[[ Available data, beginning ]]
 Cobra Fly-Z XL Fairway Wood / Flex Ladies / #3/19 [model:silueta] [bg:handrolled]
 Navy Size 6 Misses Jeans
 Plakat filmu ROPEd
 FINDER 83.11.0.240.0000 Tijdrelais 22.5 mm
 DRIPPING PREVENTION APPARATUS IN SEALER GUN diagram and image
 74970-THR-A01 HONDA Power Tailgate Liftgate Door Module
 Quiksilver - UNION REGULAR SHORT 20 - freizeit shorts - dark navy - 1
[[ Available data, end ]]
[[ Available data, beginning ]]
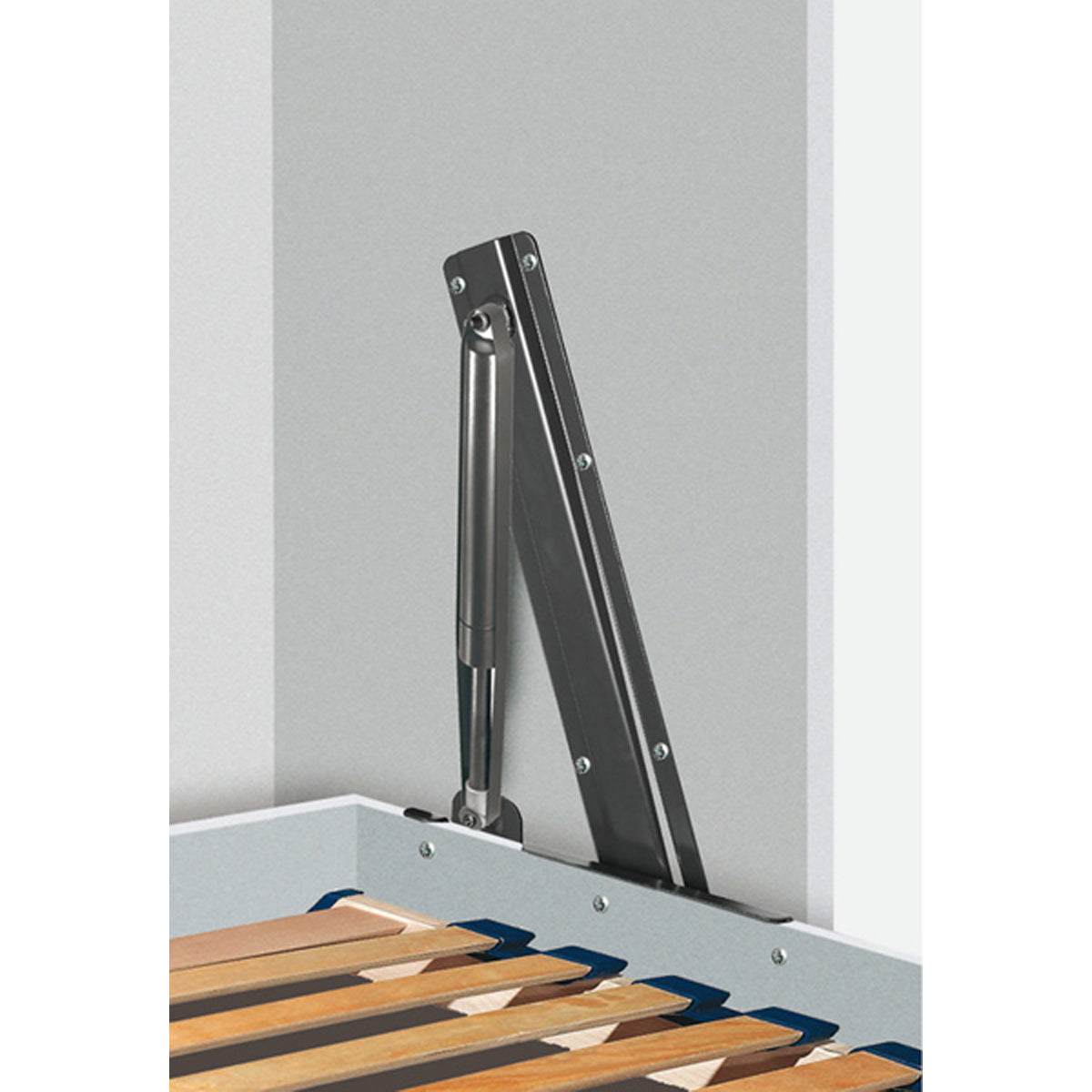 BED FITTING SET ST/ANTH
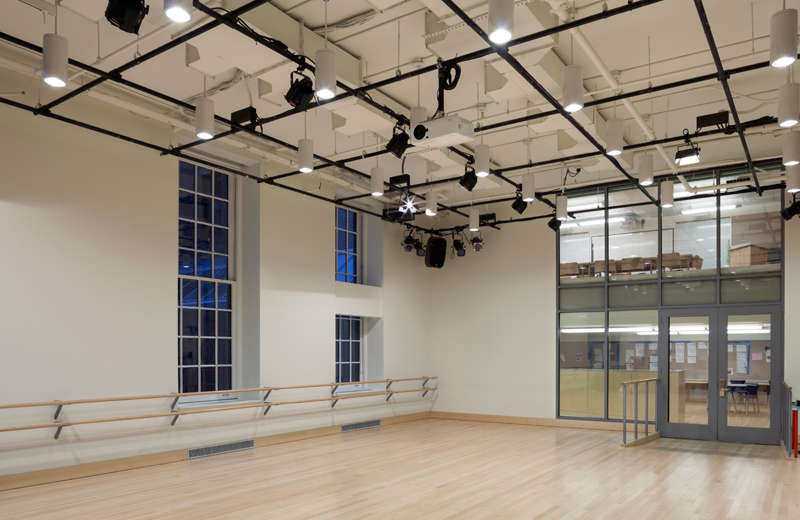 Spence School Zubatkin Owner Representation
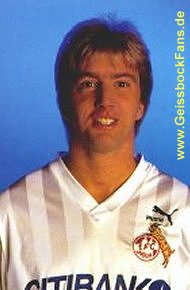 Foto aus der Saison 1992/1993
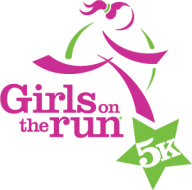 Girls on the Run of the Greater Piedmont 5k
[[ Available data, end ]]
**What to do**
Since the pictures are not part of the copy, please transcribe only the lines above from the one with "Foto aus der Saison 1992/1993" through the one with "Girls on the Run of the Greater Piedmont 5k", exactly and with both ends.

**Response**
 Foto aus der Saison 1992/1993
 Girls on the Run of the Greater Piedmont 5k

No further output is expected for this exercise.